Constructing Multi-label Hierarchical Classification Models for MITRE ATT&CK Text Tagging

MITRE ATT&CK is a cybersecurity knowledge base that organizes threat actor and cyber-attack information into a set of tactics describing the reasons and goals threat actors have for carrying out attacks, with each tactic having a set of techniques that describe the potential methods used in these attacks. One major application of ATT&CK is the use of its tactic and technique hierarchy by security specialists as a framework for annotating cyber-threat intelligence reports, vulnerability descriptions, threat scenarios, inter alia, to facilitate downstream analyses. To date, the tagging process is still largely done manually. In this technical note, we provide a stratified "task space" characterization of the MITRE ATT&CK text tagging task for organizing previous efforts toward automation using AIML methods, while also clarifying pathways for constructing new methods. To illustrate one of the pathways, we use the task space strata to stage-wise construct our own multi-label hierarchical classification models for the text tagging task via experimentation over general cyber-threat intelligence text -- using shareable computational tools and publicly releasing the models to the security community (via https://github.com/jpmorganchase/MITRE_models). Our multi-label hierarchical approach yields accuracy scores of roughly 94% at the tactic level, as well as accuracy scores of roughly 82% at the technique level. The models also meet or surpass state-of-the-art performance while relying only on classical machine learning methods -- removing any dependence on LLMs, RAG, agents, or more complex hierarchical approaches. Moreover, we show that GPT-4o model performance at the tactic level is significantly lower (roughly 60% accuracy) than our own approach. We also extend our baseline model to a corpus of threat scenarios for financial applications produced by subject matter experts.
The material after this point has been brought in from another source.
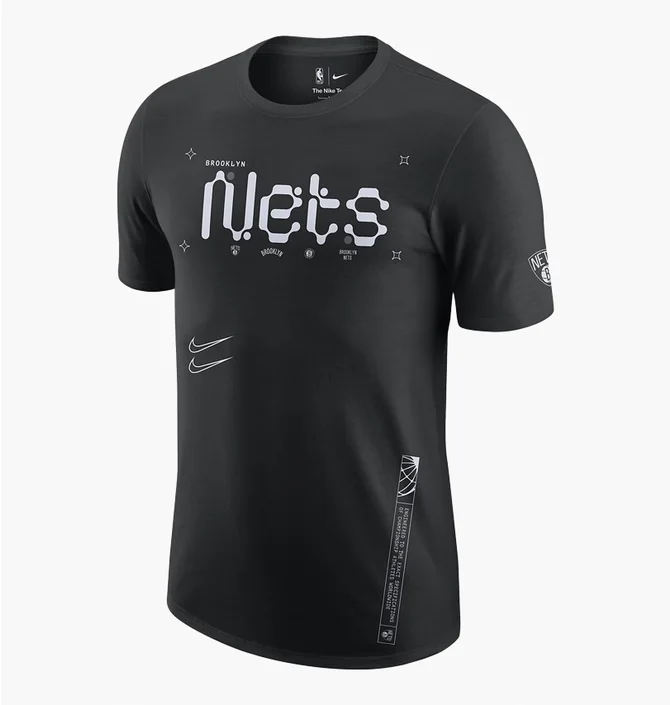 Футболка чоловіча Nike Brooklyn Nets Black Dx9976-010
翻译：MITRE ATT&CK是一个网络安全知识库，它将威胁行为者和网络攻击信息组织成一组描述攻击者实施攻击原因与目标的战术，每个战术包含一组描述攻击中可能使用方法的技战术。ATT&CK的一个重要应用是安全专家利用其战术与技战术层级体系，作为标注网络威胁情报报告、漏洞描述、威胁场景等内容的框架，以支持下游分析。迄今为止，标注过程仍主要依赖人工完成。本技术报告通过分层"任务空间"表征方法，对MITRE ATT&CK文本标注任务进行系统描述，既整合了现有基于人工智能/机器学习方法的自动化研究成果，同时阐明了构建新方法的实现路径。为展示其中一条路径，我们利用任务空间分层结构，通过对通用网络威胁情报文本的实验，分阶段构建了适用于文本标注任务的多标签分层分类模型——使用可共享的计算工具并将模型公开发布给安全社区（通过https://github.com/jpmorganchase/MITRE_models）。我们的多标签分层方法在战术层级实现了约94%的准确率，在技战术层级实现了约82%的准确率。该模型仅依赖经典机器学习方法即达到或超越了当前最优性能，无需依赖大语言模型、检索增强生成、智能体或更复杂的分层方法。此外，我们证明GPT-4o模型在战术层级的性能（约60%准确率）显著低于我们的方法。我们还将基线模型扩展应用于领域专家编制的金融应用威胁场景语料库。